_GOAL OF THE EXERCISE_.
Nothing but the images should be left out when the entries are restated word for word.

_Short web captions_.
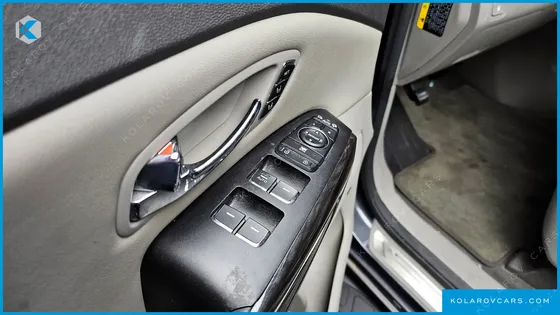 KIA CARNIVAL 9-SEATER NOBLESSE SPECIAL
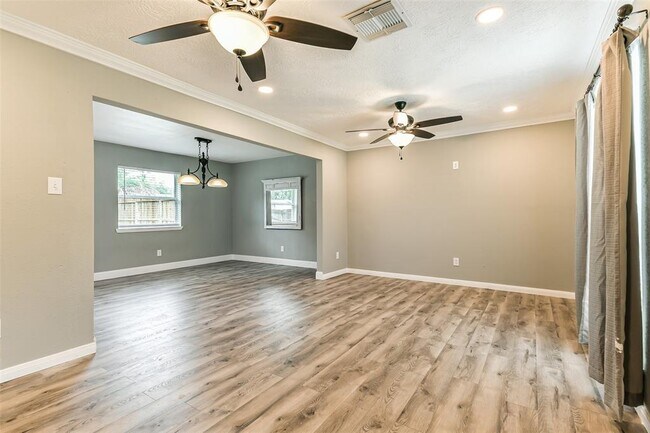 Building Photo - 207 Woodvale Dr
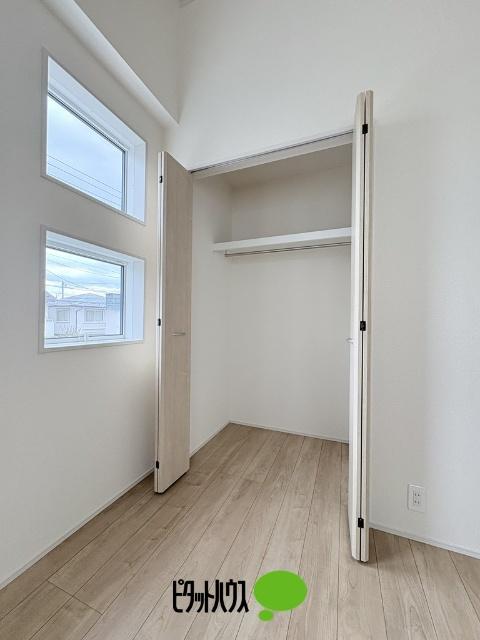 武蔵村山市中原2丁目全2棟　1号棟 収納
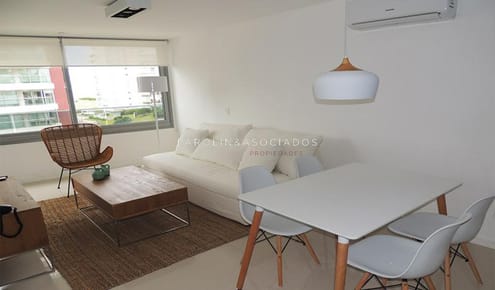 Departamento en venta en Torre Esmeralda, Oportunidad en Punta del Este
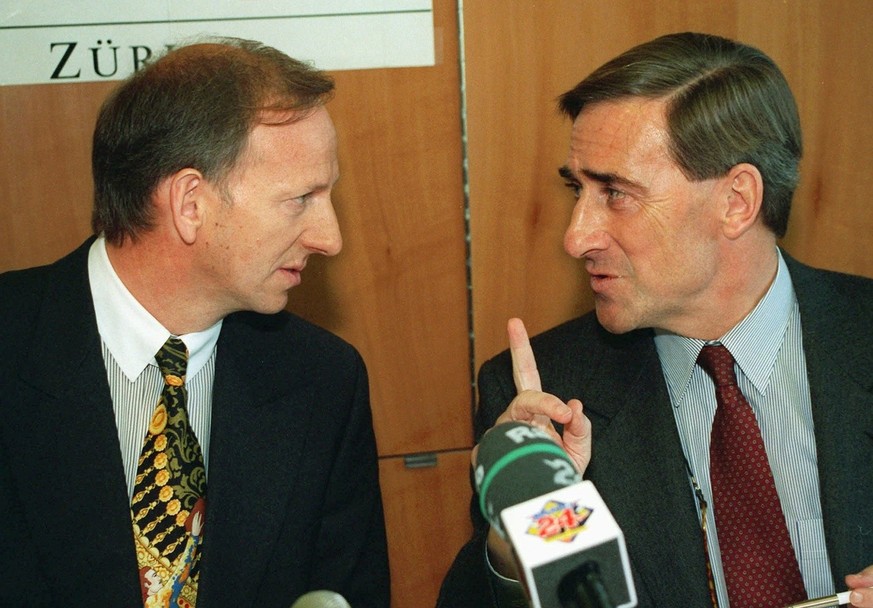 Der Prasident des Zuercher Schlittschuhclubs ZSC, Bernd Boehme, links, und GC-Praesident Walter Frey am 8. April 1997 in Zuerich anlaesslich einer Medienorientierung. Der NLA-Klub ZSC und die B-klassi ...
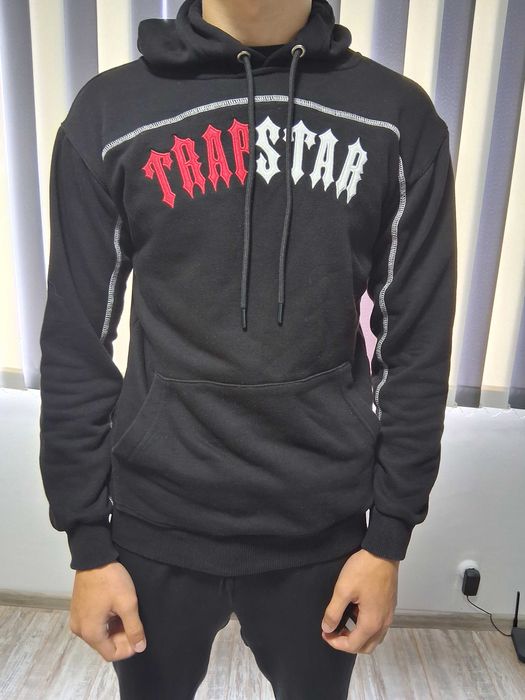 Продавам худи на Trapstar
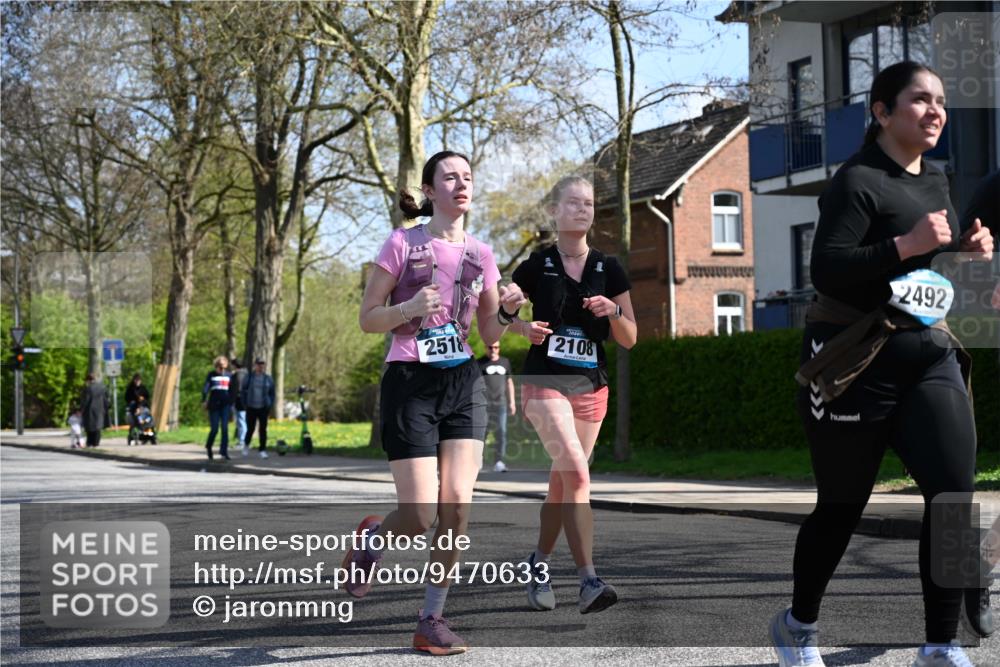 12.04.2026 - 45. Internationalen Wilhelmsburger Insellauf J. Mangold http://msf.ph/oto/9470633 12.04.2026 11:21:39 Ziel 3537, 3205, 2588, 2518, 2108, 2492, 2466, 4699, 2146, 4813, 2146, 4813, 3579 meine-sportfotos.de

_OUTPUT OF THE TASK_.
 KIA CARNIVAL 9-SEATER NOBLESSE SPECIAL
 Building Photo - 207 Woodvale Dr
 武蔵村山市中原2丁目全2棟　1号棟 収納
 Departamento en venta en Torre Esmeralda, Oportunidad en Punta del Este
 Der Prasident des Zuercher Schlittschuhclubs ZSC, Bernd Boehme, links, und GC-Praesident Walter Frey am 8. April 1997 in Zuerich anlaesslich einer Medienorientierung. Der NLA-Klub ZSC und die B-klassi ...
 Продавам худи на Trapstar
 12.04.2026 - 45. Internationalen Wilhelmsburger Insellauf J. Mangold http://msf.ph/oto/9470633 12.04.2026 11:21:39 Ziel 3537, 3205, 2588, 2518, 2108, 2492, 2466, 4699, 2146, 4813, 2146, 4813, 3579 meine-sportfotos.de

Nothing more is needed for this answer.